Ah I see what happened. I first had the timer hold some reference to a field in Bar. This prevents the finalizer from being run and the task being closed, even if there are no available references to b anywhere else than in the task. The timers I’m using hold references to their structs, so I guess trying to close them using finalizers is just not the right way.
abstract type AFoo end
abstract type ABar end
mutable struct Foo <: AFoo
i::Int
t::Timer
ref::ABar
function Foo(i, t, ref)
f = new(i, t, ref)
finalizer(destructor, f)
return f
end
end
mutable struct Bar <: ABar
i::Int
t::Timer
ref::AFoo
function Bar(i)
tfoo = Timer((t) -> println("foo"), 0, interval = 2)
b = new(i)
tbar = Timer((t) -> println("bar $(b.i)"), 1, interval = 2)
b.t = tbar
b.ref = Foo(i, tfoo, b)
finalizer(destructor, b)
return b
end
end
function destructor(f::Foo)
@async println("Destructing Foo")
close(f.t)
end
function destructor(b::Bar)
@async println("Destructing Bar")
close(b.t)
end
b = Bar(1)
sleep(4)
b = nothing
GC.gc()
sleep(4)
You can try again with GC.gc(true) to force a full garbage collection. But generally you should never rely on finalizers to run. Recent thread on a similar topic:
Memory issue can also arise from different things. Julia 1.9 changed GC heuristics and as a result many people experience memory issues. If you haven’t already you should give Julia a hint with --heap-size-hint and see if things improve.
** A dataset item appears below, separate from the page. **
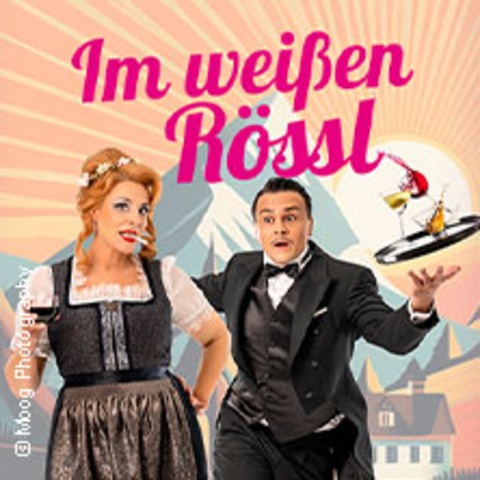 Im wei�en R�ssl - HAMBURG - 19.04.2026 18:30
GC.gc() by default does GC.gc(true), so OP is doing that already. You’re right it’s probably a bad idea to rely on finalizers to wrap anything up besides freeing the parts of memory the GC can’t track directly. In fact, the more efficiently you allocate, the more delayed the automatic GC runs and finalizers. Manually running GC.gc() often enough to undo that delay will ruin performance.
I’m a little puzzled actually, if b=nothing removes all live references to the mutable Foo, Bar, and Timer instances, shouldn’t those be collected? GC is supposed to handle circular references too. Is this some tasks rule that I should know? Never mind I just checked and reread the post, the scheduled Timers kept running even in the first MWE where the issue doesn’t occur. It’s simply that scheduled tasks don’t need a variable in the main thread to keep them live; for example, @async while true println("foo"); sleep(1) end runs forever, and it’s not assigned to a variable to begin with. Circular references are only collected if none of them are live, so it’s bad to make a task one of them.